Prompt
Beginning with the first line of the material, set down each line exactly as written, up to and including the line with "Urban Outfitters Jackets".
#### Data in this exercise
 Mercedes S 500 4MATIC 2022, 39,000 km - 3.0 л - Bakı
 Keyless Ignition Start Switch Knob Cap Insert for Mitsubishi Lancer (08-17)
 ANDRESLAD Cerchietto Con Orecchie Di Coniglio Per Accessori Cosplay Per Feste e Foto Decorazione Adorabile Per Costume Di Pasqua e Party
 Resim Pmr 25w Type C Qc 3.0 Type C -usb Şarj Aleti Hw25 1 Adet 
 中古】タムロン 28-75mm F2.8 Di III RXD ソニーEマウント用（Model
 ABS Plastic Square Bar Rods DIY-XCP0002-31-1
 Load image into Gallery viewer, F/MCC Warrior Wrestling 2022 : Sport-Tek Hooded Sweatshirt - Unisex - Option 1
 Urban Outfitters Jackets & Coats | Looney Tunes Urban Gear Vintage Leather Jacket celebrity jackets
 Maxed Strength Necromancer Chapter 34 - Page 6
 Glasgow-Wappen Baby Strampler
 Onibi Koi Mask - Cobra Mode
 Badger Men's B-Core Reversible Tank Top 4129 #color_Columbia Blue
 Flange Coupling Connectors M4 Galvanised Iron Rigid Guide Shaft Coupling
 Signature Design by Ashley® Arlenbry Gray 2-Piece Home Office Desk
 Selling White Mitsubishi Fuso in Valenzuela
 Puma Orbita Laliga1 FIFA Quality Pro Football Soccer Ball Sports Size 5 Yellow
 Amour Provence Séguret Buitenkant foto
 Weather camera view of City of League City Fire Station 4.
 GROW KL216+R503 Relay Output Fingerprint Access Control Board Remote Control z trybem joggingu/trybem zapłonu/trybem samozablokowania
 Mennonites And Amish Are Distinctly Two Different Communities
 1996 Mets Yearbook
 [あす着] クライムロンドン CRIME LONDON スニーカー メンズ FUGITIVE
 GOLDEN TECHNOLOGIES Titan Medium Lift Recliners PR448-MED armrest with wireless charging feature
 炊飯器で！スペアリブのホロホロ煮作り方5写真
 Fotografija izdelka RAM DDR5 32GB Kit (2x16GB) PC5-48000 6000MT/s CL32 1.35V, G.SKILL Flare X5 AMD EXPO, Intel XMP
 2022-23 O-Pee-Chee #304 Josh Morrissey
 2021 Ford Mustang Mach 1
########
Answer for the task
 Mercedes S 500 4MATIC 2022, 39,000 km - 3.0 л - Bakı
 Keyless Ignition Start Switch Knob Cap Insert for Mitsubishi Lancer (08-17)
 ANDRESLAD Cerchietto Con Orecchie Di Coniglio Per Accessori Cosplay Per Feste e Foto Decorazione Adorabile Per Costume Di Pasqua e Party
 Resim Pmr 25w Type C Qc 3.0 Type C -usb Şarj Aleti Hw25 1 Adet 
 中古】タムロン 28-75mm F2.8 Di III RXD ソニーEマウント用（Model
 ABS Plastic Square Bar Rods DIY-XCP0002-31-1
 Load image into Gallery viewer, F/MCC Warrior Wrestling 2022 : Sport-Tek Hooded Sweatshirt - Unisex - Option 1
 Urban Outfitters Jackets & Coats | Looney Tunes Urban Gear Vintage Leather Jacket celebrity jackets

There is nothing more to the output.